◆ Data shown:
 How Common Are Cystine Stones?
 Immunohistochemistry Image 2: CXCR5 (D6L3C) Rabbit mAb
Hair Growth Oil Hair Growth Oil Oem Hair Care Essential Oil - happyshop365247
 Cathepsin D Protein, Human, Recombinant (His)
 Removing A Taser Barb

--

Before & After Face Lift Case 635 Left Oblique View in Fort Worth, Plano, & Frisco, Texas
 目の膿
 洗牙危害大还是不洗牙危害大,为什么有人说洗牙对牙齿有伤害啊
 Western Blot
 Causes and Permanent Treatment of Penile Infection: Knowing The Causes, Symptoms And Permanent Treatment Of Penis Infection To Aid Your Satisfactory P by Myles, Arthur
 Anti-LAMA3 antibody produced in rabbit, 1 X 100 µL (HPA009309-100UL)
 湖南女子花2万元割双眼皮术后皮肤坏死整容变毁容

◆ What you will do:
Look above for the line holding "洗牙危害大还是不洗牙危害大,为什么有人说洗牙对牙齿有伤害啊" and the line holding "湖南女子花2万元割双眼皮术后皮肤坏死整容变毁容". Retype both, and every line between them, word for word and nothing else.

◆ Answer box:
 洗牙危害大还是不洗牙危害大,为什么有人说洗牙对牙齿有伤害啊
 Western Blot
 Causes and Permanent Treatment of Penile Infection: Knowing The Causes, Symptoms And Permanent Treatment Of Penis Infection To Aid Your Satisfactory P by Myles, Arthur
 Anti-LAMA3 antibody produced in rabbit, 1 X 100 µL (HPA009309-100UL)
 湖南女子花2万元割双眼皮术后皮肤坏死整容变毁容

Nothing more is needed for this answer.